■ ACTIVITY:
In the material below, print every line exactly and omit the pictures.

━━ INFORMATION SUPPLIED

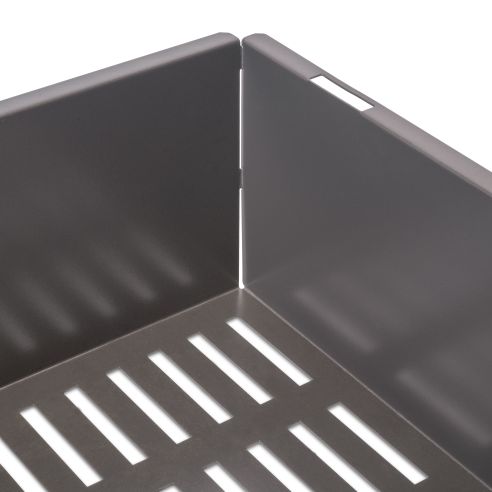 Emuca Kit  cassetto metallico e telaio regolabile Quartz per armadi, chiusura ammortizzata e estrazione totale, modulo 60 cm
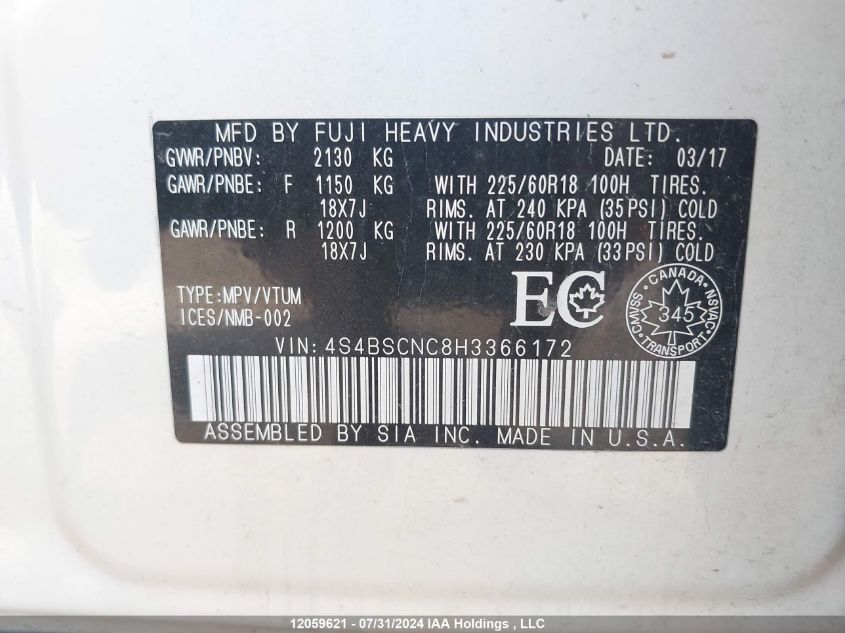 2017 Subaru Outback 2.5I Limited VIN: 4S4BSCNC8H3366172 Lot: 12059621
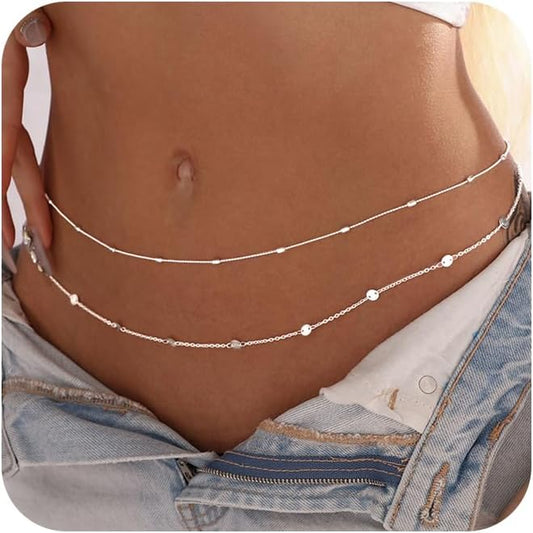 CAROVO Belly Waist Chain for Women 14K Gold Silver Plated Layered Body Chains Boho Cuban Figaro Pearl Heart Coin Satellite Bead Belly Chain Sexy Bikini Body Jewelry for Women Adjustable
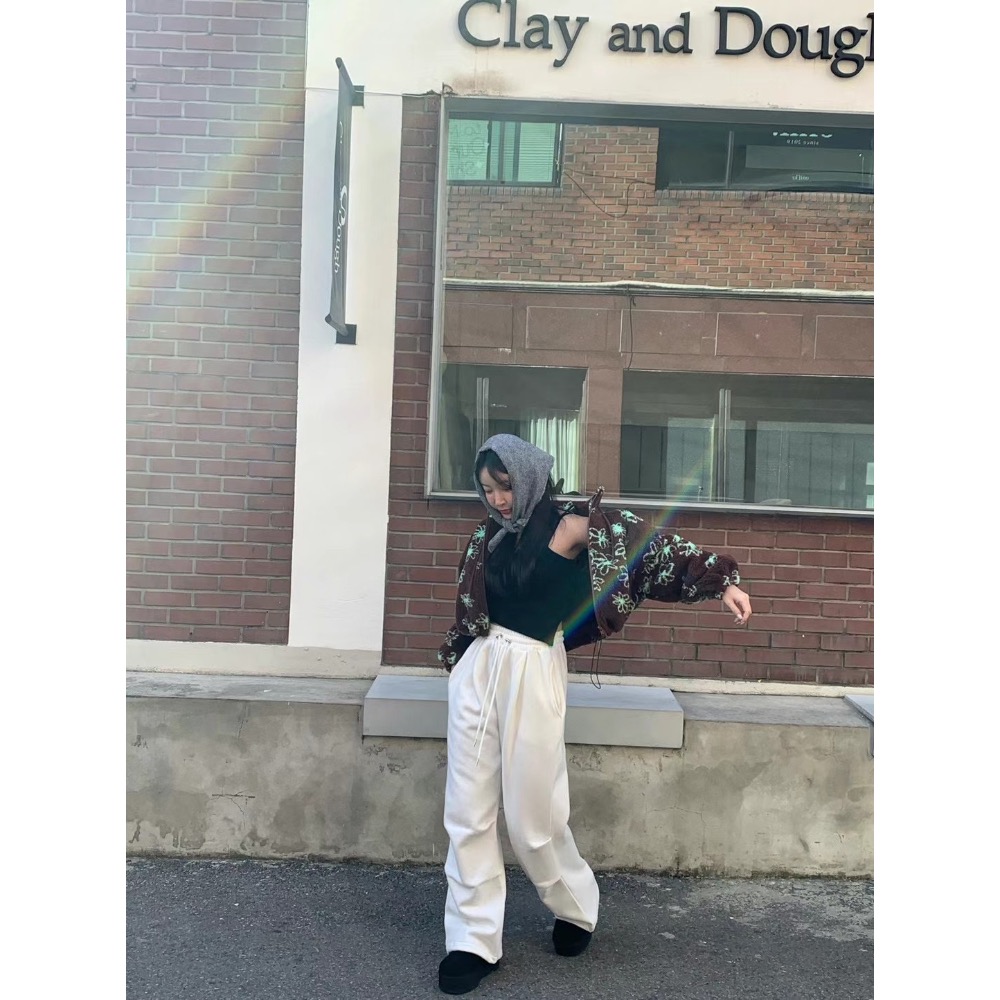 《HSS 韓國代購》正韓 🇰🇷 東大門  Revecite 鬆緊腰下立體折點抓皺直筒休閒褲棉褲-細節圖7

━━━━

■ ANSWER BOX:
 Emuca Kit  cassetto metallico e telaio regolabile Quartz per armadi, chiusura ammortizzata e estrazione totale, modulo 60 cm
 2017 Subaru Outback 2.5I Limited VIN: 4S4BSCNC8H3366172 Lot: 12059621
 CAROVO Belly Waist Chain for Women 14K Gold Silver Plated Layered Body Chains Boho Cuban Figaro Pearl Heart Coin Satellite Bead Belly Chain Sexy Bikini Body Jewelry for Women Adjustable
 《HSS 韓國代購》正韓 🇰🇷 東大門  Revecite 鬆緊腰下立體折點抓皺直筒休閒褲棉褲-細節圖7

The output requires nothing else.